1. A cutting tool milling insert for machining of unalloyed, low and high alloyed steels and cast irons, with or without raw surfaces, during wet or dry conditions, the cutting tool milling insert comprising:
a cemented carbide body; and
a coating at least partly covering the body,
wherein said cemented carbide body has a composition of 8.1 to 9.3 wt % Co, 1.00 to 1.45 wt % TaC, 0.10 to 0.50 wt % NbC and balance WC,
wherein a coercivity is in the range 14.9 to 16.7 kA/m, and a CW-ratio is 0.80 to <1.00,
wherein said coating is 7.5 to 13.5 μm thick and includes at least three layers of TiCxNyOz with a total thickness of 3.0 to 8.0 μm, the TiCxNyOz layers including:
a first TiCxNyOz layer adjacent to the cemented carbide body having a composition of x+y=1, x>=0,
a second TiCxNyOz layer having a composition of x>0.4, y>0.4 and 0=<z<0.1,
a third TiCxNyOz bonding layer with needle shaped grains adjacent to an α-Al2O3-layer having a composition of x+y+z>=1 and z>0, and
wherein the α-Al2O3-layer is an outer layer at least on a rake face, the α-Al2O3-layer has a thickness of 2.0 to 6.0 μm, and at least a portion of the α-Al2O3-layer is blasted smooth with flattened grains on surfaces that have been subjected to the blasting treatment.

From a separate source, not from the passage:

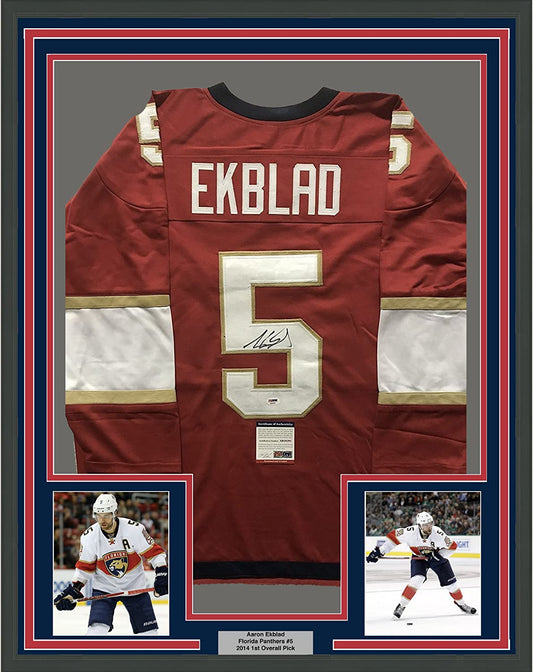 Framed Autographed/Signed Aaron Ekblad 35x39 Florida Panthers Red Hockey Jersey PSA/DNA COA
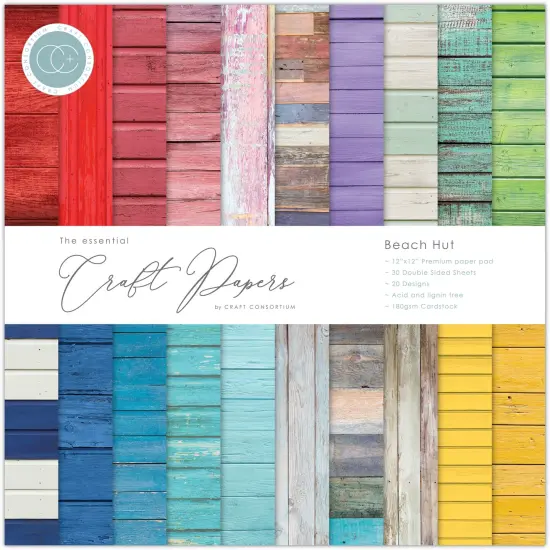 Craft Consortium Double-Sided Paper Pad 12"X12" 30/Pkg-Beach Hut, 20 Designs {1}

2. The cutting insert according to claim 1, wherein the cemented carbide has the composition 8.3 to 9.1 wt-% Co, 1.18 to 1.28 wt % TaC, 0.25 to 0.35 wt % NbC and balance WC, with a coercivity within 15.3 to 16.3 kA/m and a CW-ratio of 0.8 to 0.90.
3. The cutting tool insert according to claim 1, wherein the coating includes a 0.1 to 2.3 μm coloured top layer at a flank face.
4. The cutting tool insert according to claim 3, wherein the coloured layer consists of TiN, Ti(C,N), TiC, ZrN and/or HfN deposited by CVD- or PVD-technique.
5. The cutting tool insert according to claim 4, wherein the coloured layer is deposited using CVD-technique.
6. The cutting tool insert according to claim 1, wherein the first TiCxNyOz layer has a composition with x<0.2 and z=0, the second TiCxNyOz layer has a composition with z=0, and the third TiCxNyOz bonding layer has a composition with z>0.2 and x+y+z=1.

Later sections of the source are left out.